I-D : Dans ce livre et c'est rare pour le souligner quand on parle de démocratie, vous faites un détour par l'Afrique et des références à Mandela. C'est que vous pensez que le continent africain peut nous apporter une nouvelle vision et pratiques de la démocratie?
JPJ : Dans mon livre sur Mandela, j’ai expliqué comment il a pu réinventer la politique en puisant dans les coutumes ancestrales de l’Ubuntu, ensemble de principes prônant à la fois le partage, l’égalité, les décisions collectives, la substitution de la réconciliation aux punitions. C’est dans le souvenir des pratiques tribales de son enfance qu’il a trouvé le principe « vérité et réconciliation » admiré dans le monde entier, et qui a fondé l’Afrique du sud « arc-en-ciel » de façon pacifique. Ubuntu a pu être traduit par « je suis parce que nous sommes » : primauté de l’intérêt commun sur l’intérêt individuel. Rechercher dans le passé de quoi réinventer un futur meilleur a permis de dépasser les pratiques et institutions inhumaines imposées par les colonisateurs. Mandela n’a pas rejeté la démocratie comme culture occidentale vantée par les puissances impérialistes, comme le font certains leaders de pays décolonisés pour conforter leur pouvoir autoritaire (comme on a pu justifier le totalitarisme hier en URSS par exemple au nom du rejet de la « démocratie bourgeoise »), mais il a au contraire réinventé la démocratie en faisant de la société sud-africaine une démocratie exemplaire, bien plus démocratique que ce que l’on trouve dans les pays occidentaux. Le moderne ne se trouve pas forcément là où l’on croit. Or il se trouve que l’on trouve des traditions équivalente à l’ubuntu en Asie, en Amérique du nord et du sud et dans toute l’Afrique, j’ai tenté de le montrer. Il faut à la fois reconnaître la particularité de chaque société, de chaque culture, et affirmer la portée universelle des principes qui fondent l’idée même de démocratie. La démocratie a ainsi une portée universelle, sans qu’on puisse en trouver ou en exporter de modèle singulier. Ce n’est pas parce que les mathématiques abstraites sont apparues en Grèce qu’elles ne valent que pour les Grecs. Certaines valeurs peuvent être posées comme universelles, comme valant pour tous (Mandela en a fait inscrire trente-quatre qu’aucune loi ne peut contredire), quelles que soient les traditions, les coutumes, les particularités de chaque pays. La liberté d’expression, l’égalité homme/femme, l’antiracisme, l’abolition de la peine de mort, le refus de toute discrimination liée aux choix sexuels ou religieux, le droit de vote universel, l’interdiction de l’esclavage ou de l’excision, etc. sont bons pour toute société, tout être humain.
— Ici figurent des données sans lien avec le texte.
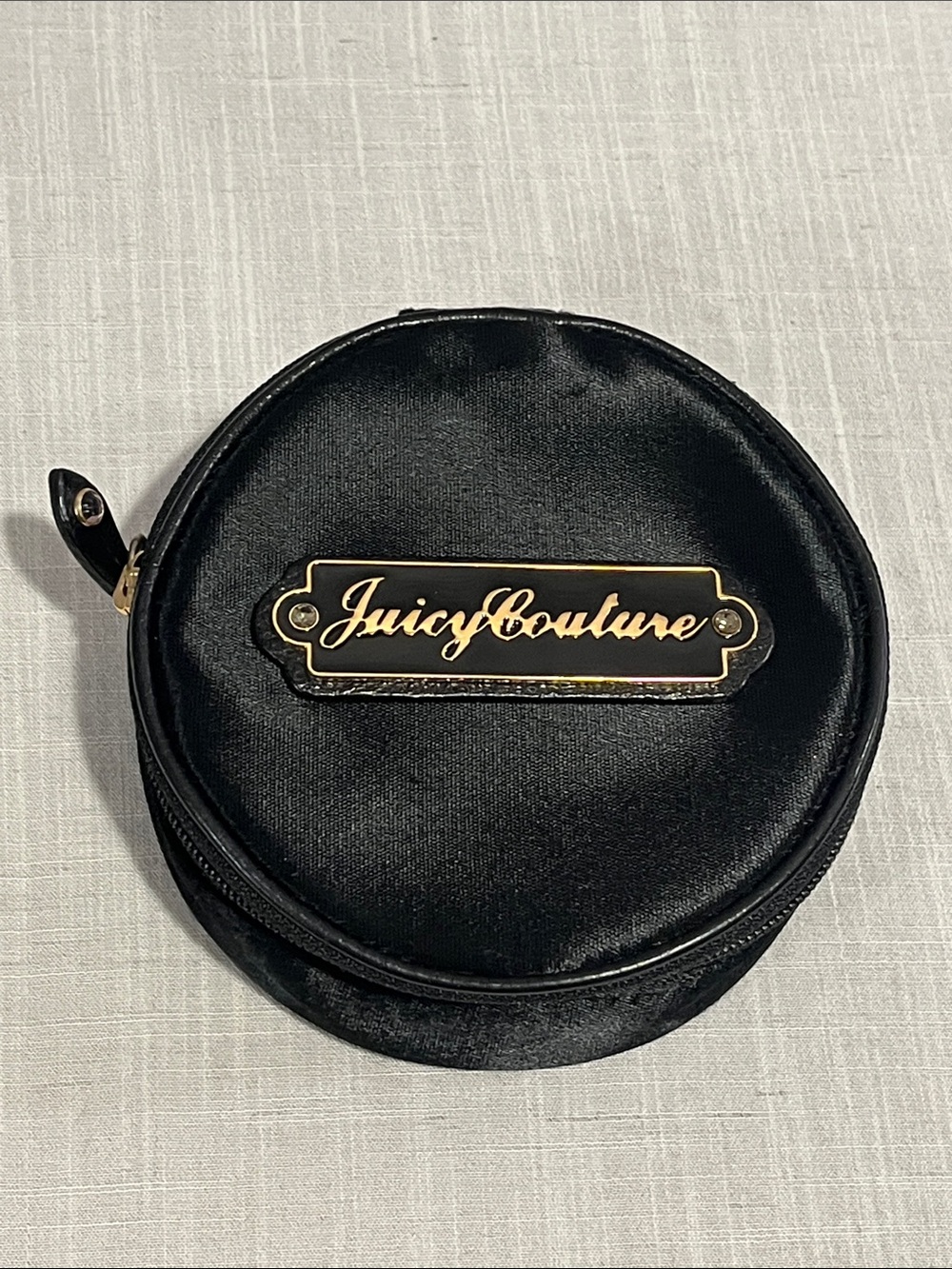 Juicy Couture Black Satin Round jewelry travel Pouch with Gold Plaque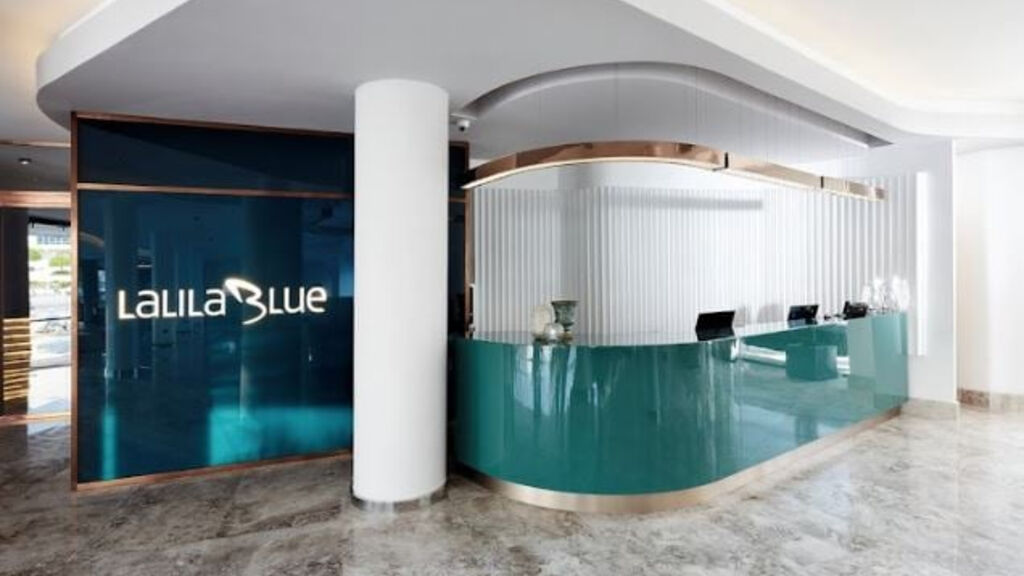 Lalila Blue Suites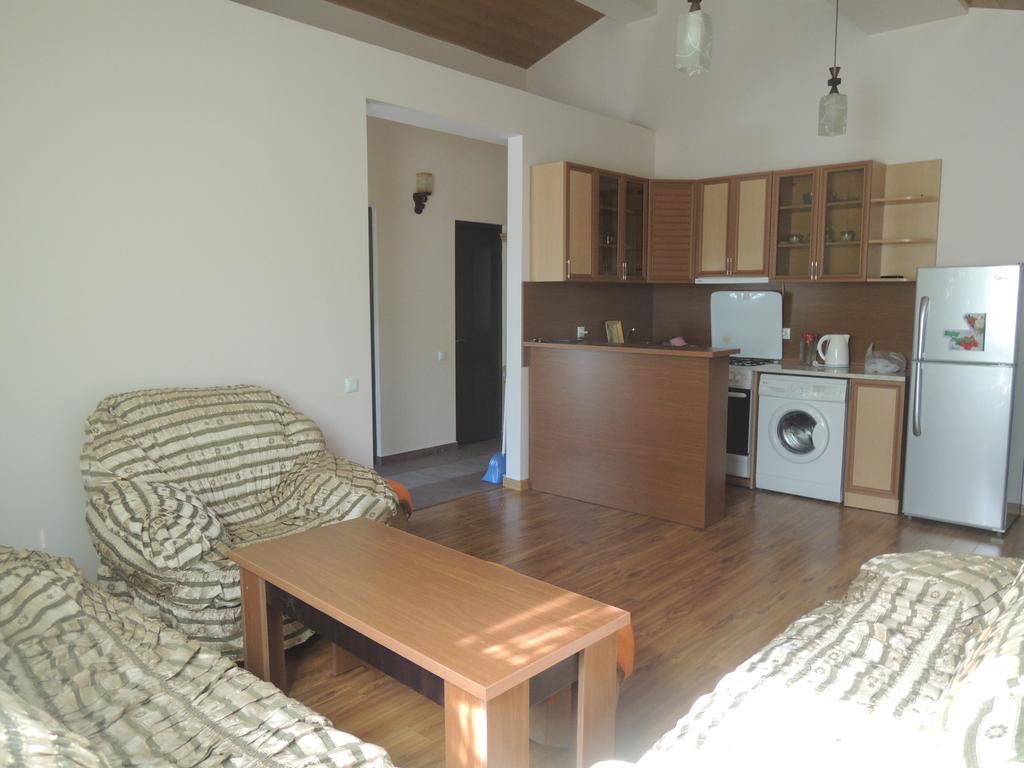 Lucy Holiday Home Yerevan Exterior foto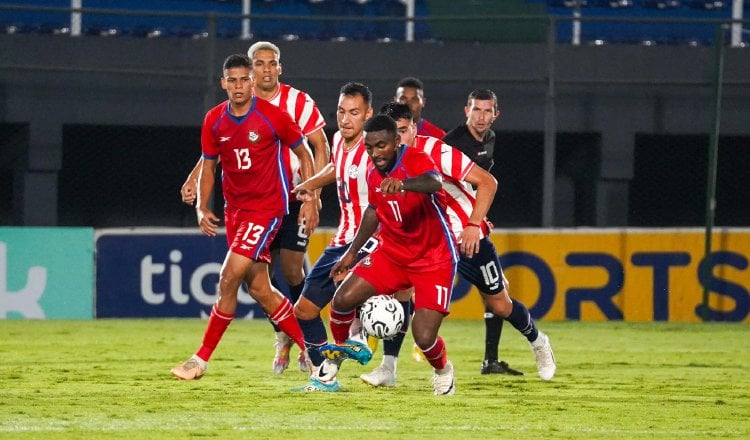 Ricardo Phillips hijo de Panamá conduce el balón en el juego contra Paraguay. Foto: Fepafut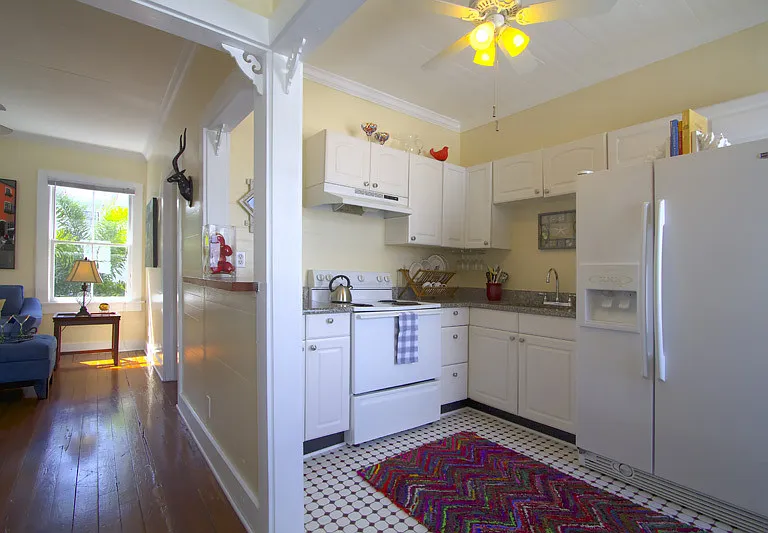 327 Margaret St #3 — Photo 14
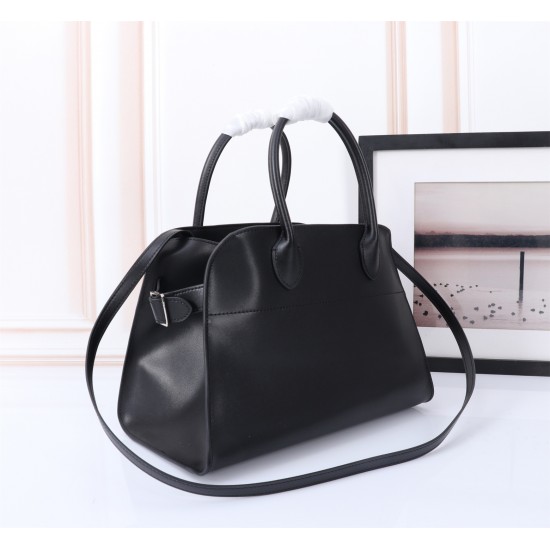 The Row Bags Top Quality
Small:26.20.18
Big:38.26.23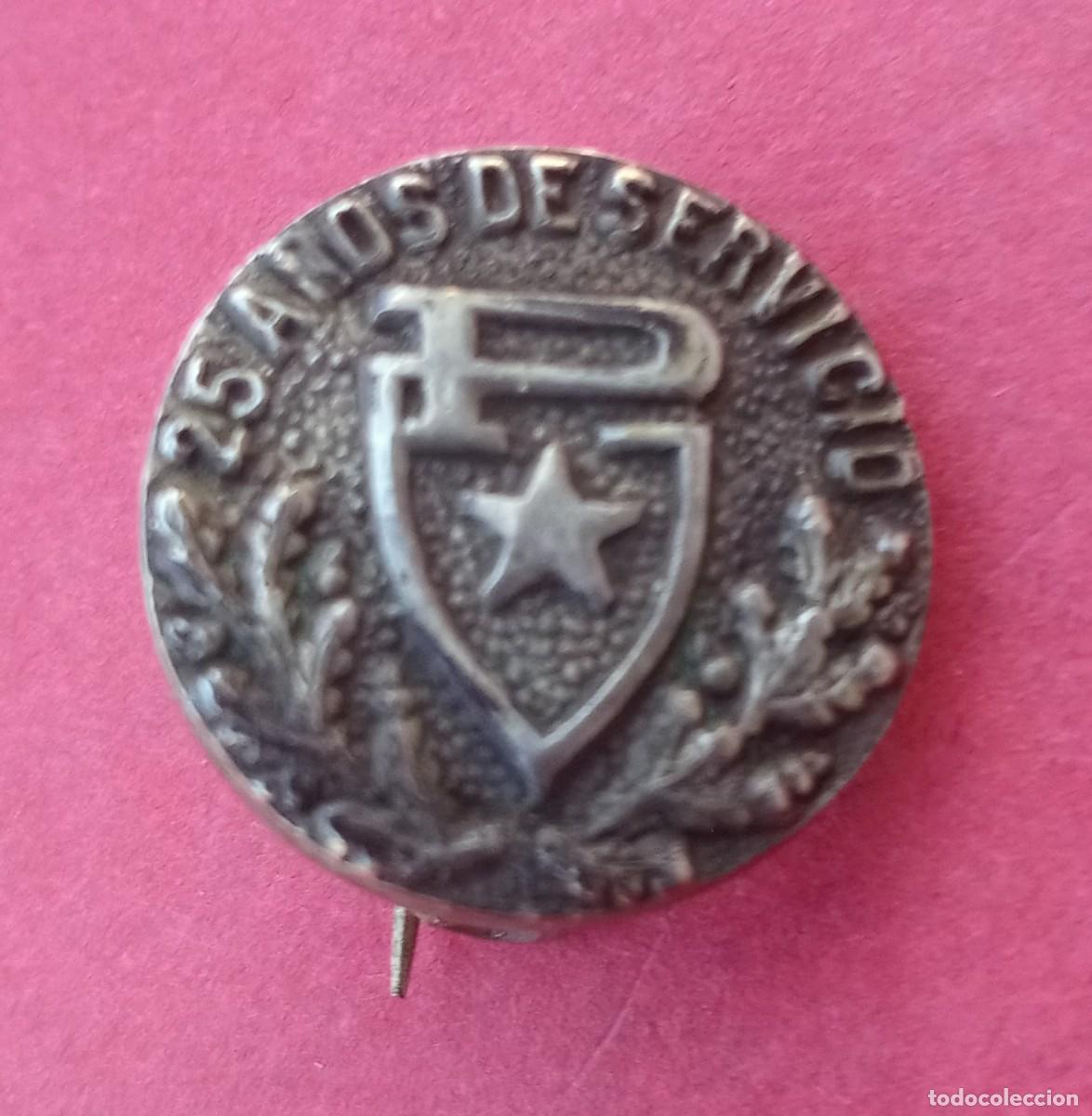 Pins de colecci&oacute;n: Insignia Antigua Neum&aacute;ticos Cables Pirelli. 25 a&ntilde;os de servicio.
I-D: face à la crise de la démocratie délégataire, on avance les pratiques de démocratie participative, de démocratie citoyenne, de tirage au sort, de e-démocratie, les termes se multiplient, est-ce une manière de ressourcer la démocratie ou n'est qu'un palliatif qui fondamentalement, ne règle pas la crise démocratique?
JPJ : Effectivement, comme en écho à la crise de la démocratie dite représentative on voit un peu partout fleurir des pratiques innovantes plus ou moins efficaces ou réalistes, mais qui ont l’immense mérite de ne pas en rester aux caricatures de démocratie existantes, de ne pas se résigner, de refuser de disqualifier l’idée même de démocratie avec toutes les conséquences qui en résultent en termes de menaces totalitaires. Certains peuples, comme en Suisse ou dans le Rojava kurde, ont inventé des formes démocratiques qui combinent la représentation parlementaire et le recours aux référendums d’initiative citoyenne. Il me paraît évident que la « démocratie représentative » sous ses formes actuelles ne suffira pas à réanimer la démocratie citoyenne. Tout ce qui peut expérimenter, inventer, améliorer est bon à prendre, même si l’objectif essentiel doit demeurer une refonte des formes institutionnelles de la démocratie.
I-D : Avec I-dialogos, nous souhaitons mener une réflexion ouverte sur la réalité du Monde, renouvelée et innovante de la démocratie. Avec une démarche pragmatique. Que conseilleriez-vous pour que nous réunissions ce pari?
JPJ : Il y a sans aucun doute mille choses à inventer et à initier dans une foule de domaines de la vie sociale de chaque pays. Mais pour ce qui concerne la démocratie, il me semble très utile et sans doute efficace de débattre de ce qui est universel dans les principes de la démocratie, tout en enracinant dans l’histoire de chaque peuple les formes particulières de son exercice institutionnel. Il est plus que jamais nécessaire d’initier des débats par-delà les frontières, entre acteurs divers de la vie citoyenne et intellectuelle. C’est avec esprit d’ouverture qu’I-dialogos peut y contribuer sous toutes les formes possibles, y compris par des contributions écrites à destination de la presse et des autres médias du plus grand nombre possible de pays.
Un grand colloque avec la participation d’intellectuels, de responsables et militants associatifs d’une grande diversité de nombreux pays différents pourrait donner visibilité à cette démarche, en veillant aussi à la diversité des sensibilités. Pour I-dialogos, rien ne serait plus grave que d’apparaître comme une association fondée sur des engagements idéologiques et politiques a priori.